■インドの将来について:藤原正彦の懸念

       

1 「インドの危険な曲がり角」

もしかしたら日本のGDPが2023年度にドイツに追い越されるかもしれないとの報道がありました。ドイツばかりか、数年したら、インドにも追い越されるでしょうという人もいます。インドは世界最大の人口国になりましたから、注目される国です。

特許件数の変化を見ていると、韓国が増え、中国が増えてきました。その次、今度はインドが成長するという人がたくさんいます。そうかもしれません。しかし藤原正彦は『管見妄語 知れば知るほど』で、インドの将来について一筆書きで懸念を示しています。

天才数学者のラマヌジャンを生んだインドのファンである藤原は、「インドの危険な曲がり角」を『週刊新潮』2016年2月18日号に投稿しました。このコラムを[高貴を失ったインドは中国のような野卑な大国になりかねない](p.104)と締めくくっています。

      

2 インド人のIT躍進:3つの原因

藤原は[インド人が今、世界のITや金融を席捲している]点を十分承知しているのです。[シリコンバレーにある企業群では、CEOの三割、働く人の六割がインド人と言われている](p.102)と書き、[IT躍進の原因は大きく三つある]と記します。

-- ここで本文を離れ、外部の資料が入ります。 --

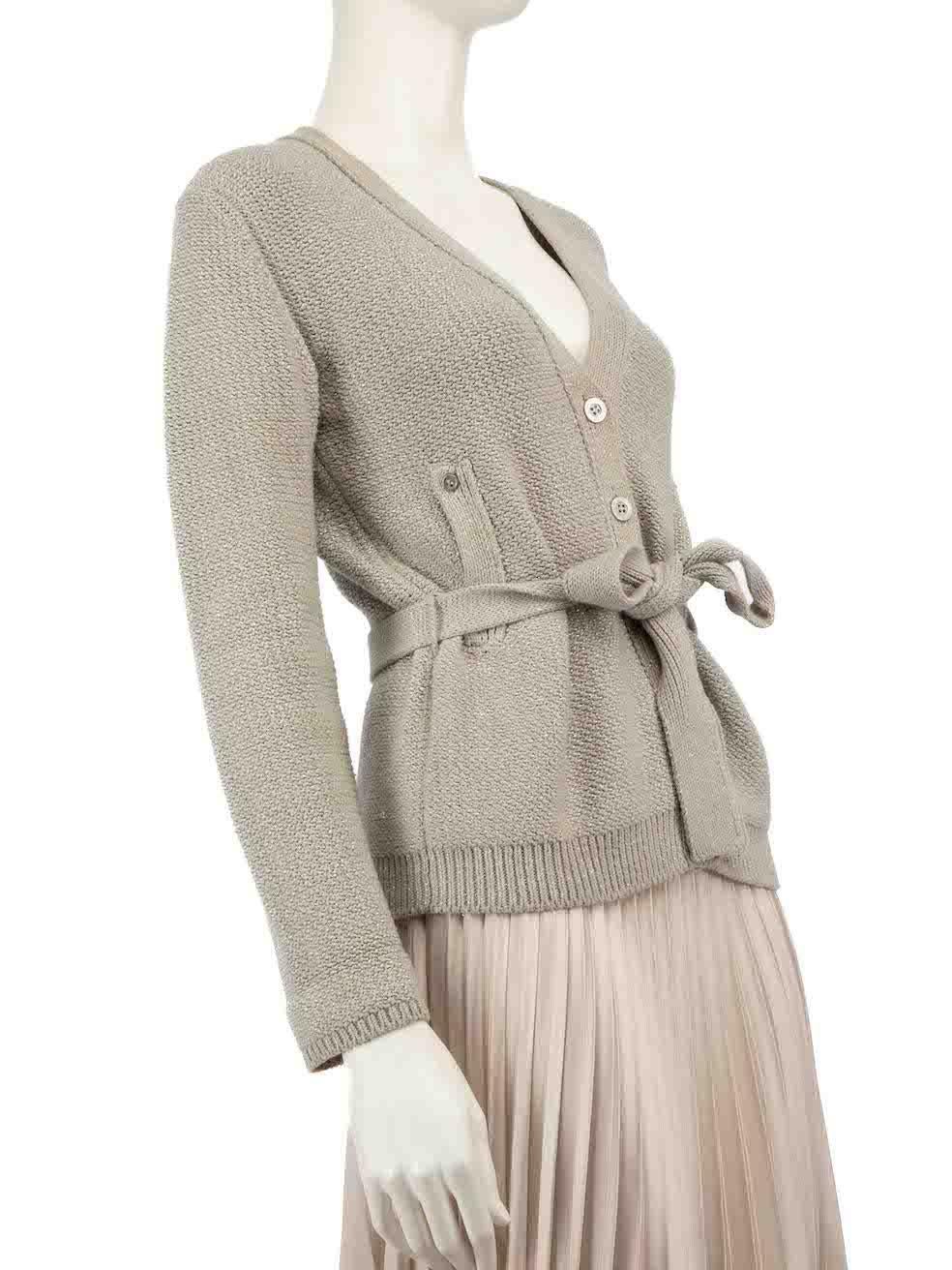 CONDITION is Very good. Minimal wear to cardigan is evident. Minimal wear to the cuff area on the left sleeve where discolouration can be seen on the inside and outside, pull to weaves on the right and left sleeves, tarnishing to the bottom button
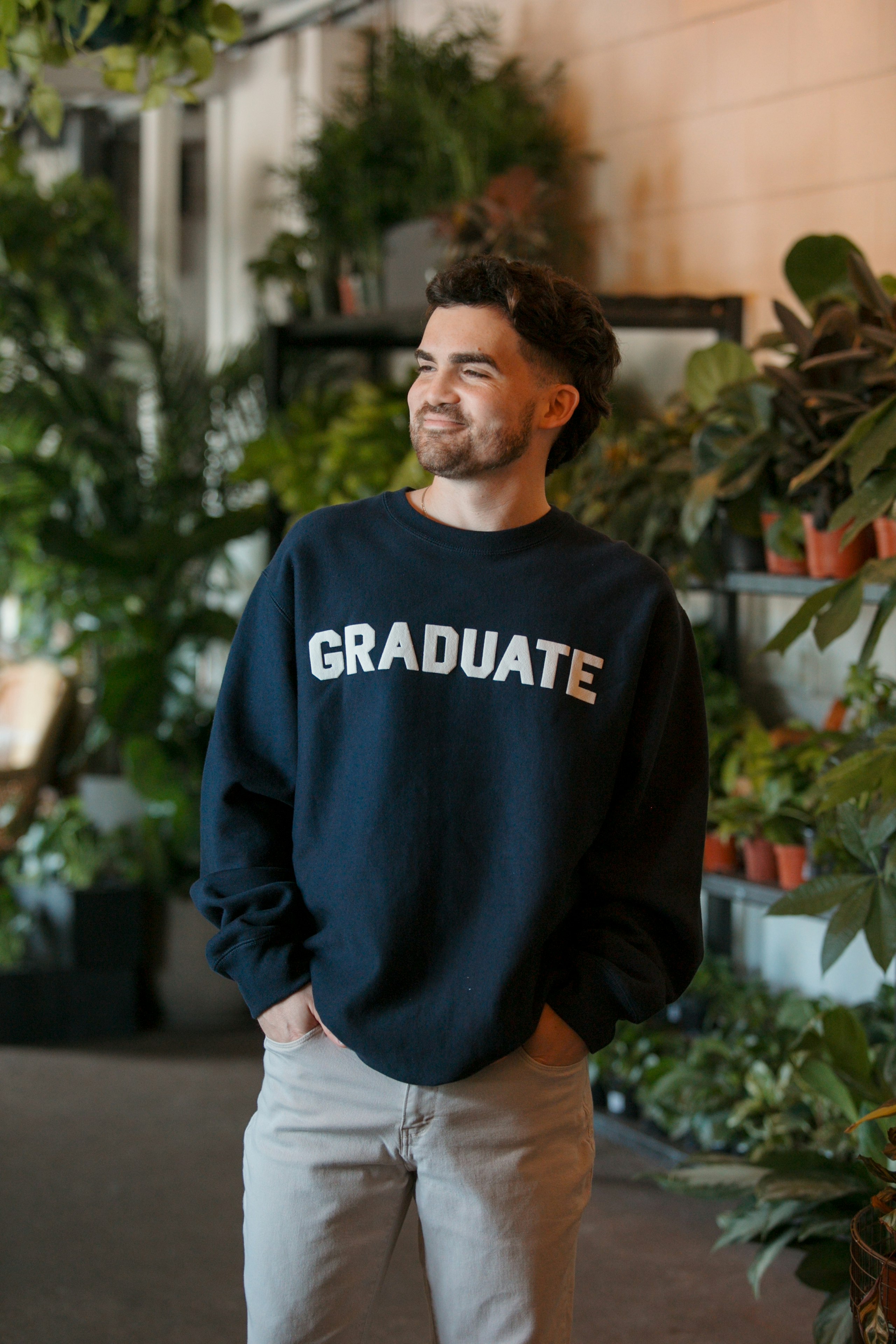 man wearing a dark navy hoodie with the word graduate printed in white puff print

第一に[道路や鉄道、電力、上下水道などインフラが未整備で工業生産が難しい]状況で、発展には[IT産業しか選択肢がない]こと。第二に[カースト制]。今でも[世襲的に固定された職業に就くことが多い]ため。第三に[インド人のたくましさ]です。

集中すべき産業はIT、そして[IT技術者は新しい職種でありどのカーストにも属さない]ということになると、人々はIT産業に殺到し、優秀な人は抜きんでます。[自らに有利な意見を臆せず主張して譲らない]のも有利に働いたようです(以上、p.103)。

      

3 大天才を生んできた土壌の崩壊

こうしたITや金融界での成功があるにもかかわらず、藤原はインドに対して悲観的な見方をします。インドは20世紀になっても[ラマヌジャン、詩人のタゴール、物理学のラマン、天文学のチャンドラセカールなどキラ星のごとく天才を輩出してきた]のです。

これらの天才たちは、[彼らのほとんどは、貧しくとも精神性を重んずるバラモンだった]とのこと。しかし[最近はバラモンが大半を占めるIITの学生たちまでが、ITとか金融で大金持ちになることばかり考えているという]指摘があるのです。

藤原は[金銭にはしゃぐインドに、もはやかつての、大天才を生んできた土壌はない]と厳しく指摘しています。実際、[最近のインドの科学、技術、文化、芸術が停滞しているように見える]のです(以上、p104)。どうも、その後も変わりない気がします。

インドはカナダとの関係を悪化させました。これは尾を引くことでしょう。嫌な予感がするときに、昔読んだ藤原のコラムを思い出しました。識字率が改善しているインドは、今後、経済成長することでしょう。しかし、楽観的なばかりではいられないのです。